I’ve spent my whole life being ashamed of my family. I thought I was over it, but now my in-laws are making me feel ashamed all over again.
Ashamed and Alone
Yes, your in-laws can be that clueless. They honestly may not understand that your mother is addicted to drugs. They may assume your complaints about her are normal 20-something drama.
You may also be misreading some of their concern. When they offer up random relatives to escort you, they may be trying to prevent you from tripping over your dress and falling flat on your face. Or it might be their rather clumsy attempt to let you know they consider you part of their family.
Or they may be worried that their son is about to marry into a family of unstable, unreliable drug addicts. Even if you’ve done this before, you and your fiancé should sit down with them and explain the situation. Explain that one of the things you love about your fiancé is how loving and stable his family life is, and that this is the sort of family the two of you wish to create. Give the in-laws a chance to ask you questions. After answering the questions as best you can, tell them that the subject is very painful for you, and you would appreciate it if they would consider it closed.

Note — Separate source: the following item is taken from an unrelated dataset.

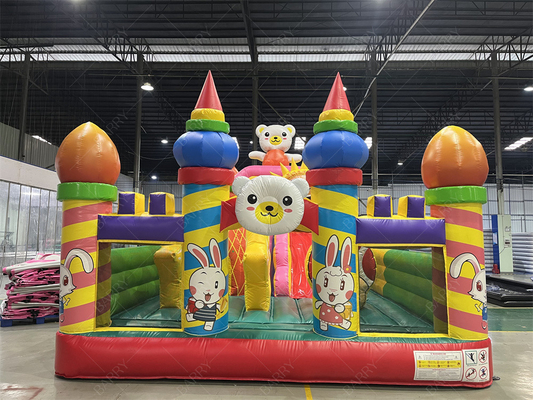 Kebun Binatang Serius Beruang Kelinci Anak-anak Kecil Bouncy Castle Taman Tema Fun City Untuk Anak-anak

As to the wedding itself, if you want to walk down the aisle by yourself, go for it. Other options would be for you and your fiancé to walk down together, for your best friend/maid of honor to walk with you, or for you to walk with anyone you trust to keep you standing upright the moment that you realize that you haven’t eaten since yesterday, your shoes are a size too small, and people are staring at you.

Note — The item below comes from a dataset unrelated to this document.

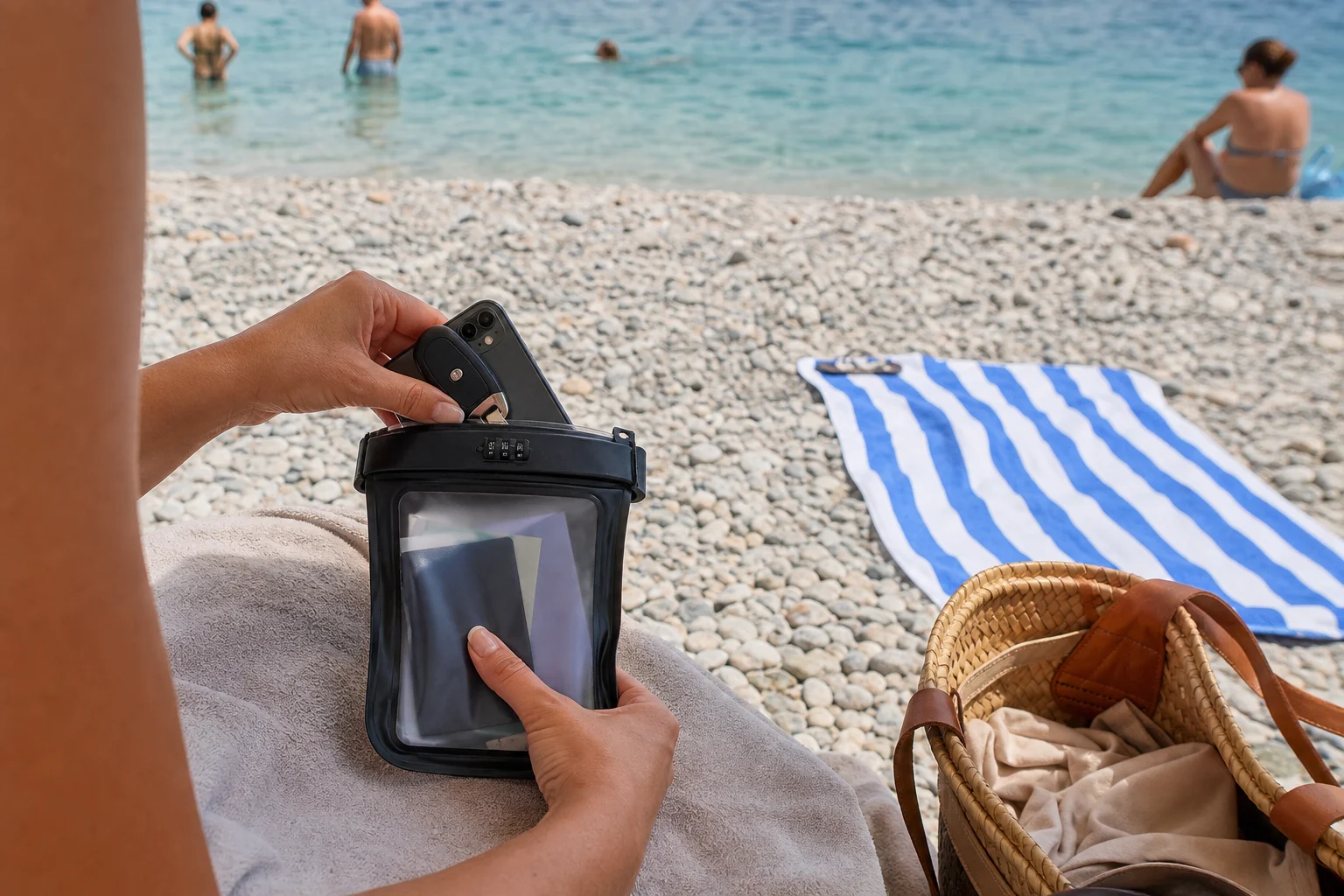 Golden-Beach-Themenkarte zum Schutz von Wertsachen am Strand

Navigating the differences between families is something all newly married couples have to do; your situation is just a little more extreme than others. I know it’s an advice column cliché, but if you haven’t already done so, you might want to contact al-anon, or another support group for children of addicts. Your wedding is just one in a line of family events that might stir up old feelings of shame and sadness. It couldn’t hurt to get some help dealing with those feelings.
Good luck to you.
Got a burning bridal question? E-mail the Wedding Maven at firstname.lastname@example.org.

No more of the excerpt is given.